We had our first DevOps Meetup here in Würzburg and it was a success

As a long-time visitor of the DevOps Frankfurt meetup, I always had the desire for establishing the same kind of event here in my beautiful town of Würzburg. Together with Andreas Rudat (mayflower) and Sebastian Kremer (Eikona), we finally made it happen with our first event of DevOps Würzburg Mainfranken.

The diversity between the in total 40 participants lead to very broad discussions, with a lot of thoughts focused on DevOps culture and why we need it.
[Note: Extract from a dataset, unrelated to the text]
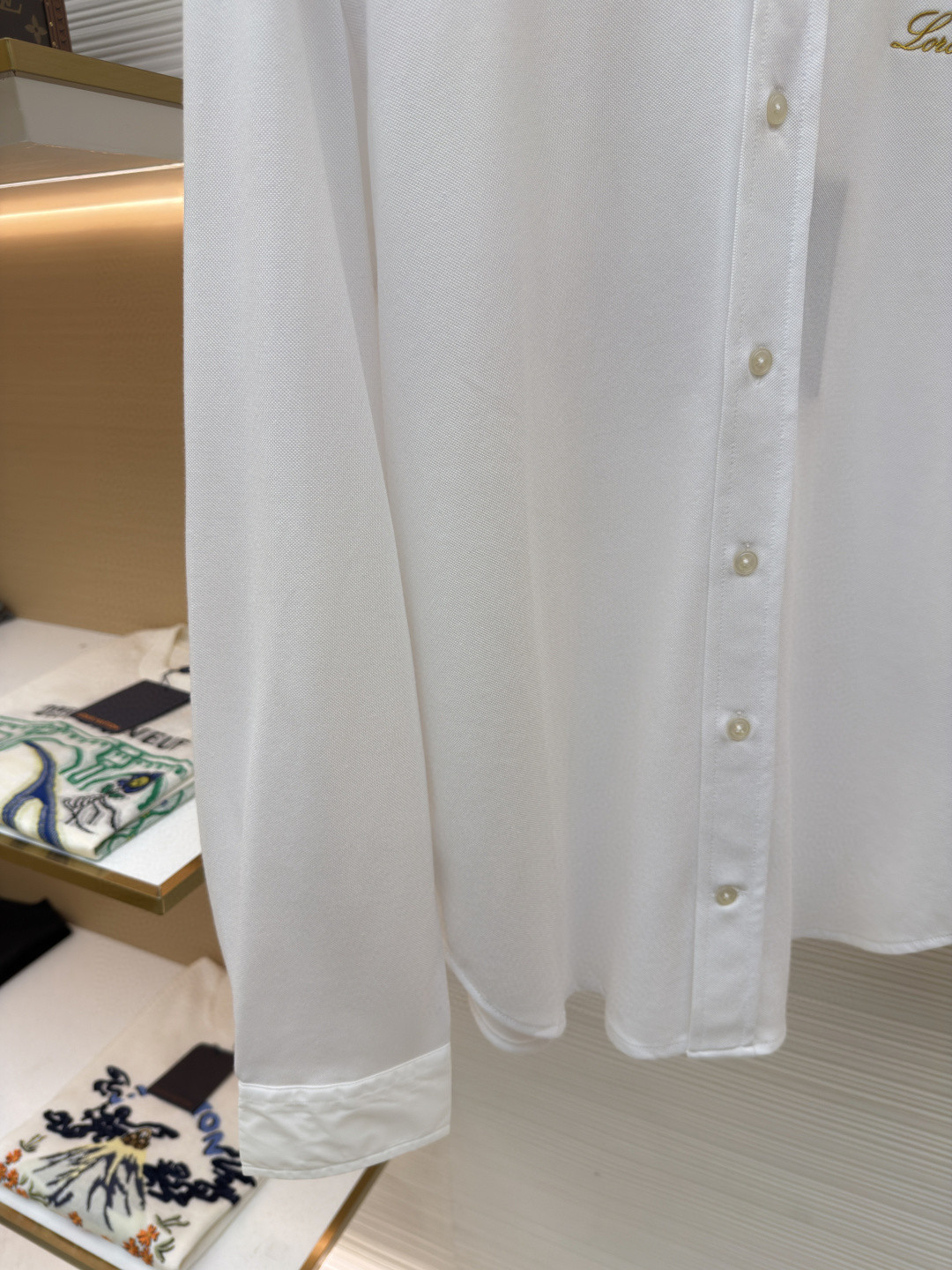 Loro Piana LP 标识刺绣翻领衬衫 外套 长袖 白色 B0 FAP8883-105N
Participants ranged from roughly a third of them being students (some even in their first semester) to CEO, from many in the role of developer, over sysadmins to project managers and Technical Evangelist.

To get people familiar with the ideas and thinking of the DevOps movement and to make them clear that this is not a set of tooling that solves one’s day-to-day problems immediately, we prepared two introductory talks.

  • Lorenz Weber (mayflower) talked about the questions that DevOps answers and the new ones that appear out of that - and if there is this kind of a “DevOp”.
  • I myself gave an introduction to the concept of Continuous Delivery, which is strongly interwoven with Agile development and builds opon the DevOps thinking to deliver software faster and better.

To summarize this evening, I was very happy to see that many participants - given the size of our “village” and compared to my experience with other meetups. Probably, the location in the computer science building at the University of Würzburg motivated more students, is easy to reach, and also a “neutral” place.

The only aspect that is disappointing to me is that not a single one of the other (~80) PhD candidates and researchers here in the computer science faculty joined us. This reminds me once more about my feelings that I am wrong in academia and have to get out here ASAP (luckily, this will really happen very soon).

As the spirit of the participants definitely motivated us to continue with this meetup series, we already agreed on the next talk being once again focused on cultural aspects. Sebastian Klenk, Technical Evangelist at Microsoft, will talk about the experience and transformations happening in his organization. The date will be announced soon via the meetup group.

Finally, I want to thank my friend Andy Grunwald for sharing his lessens learned from running the Web Engineering Meetup Düsseldorf (former PHP User Group) which helped me and us to prepare this event.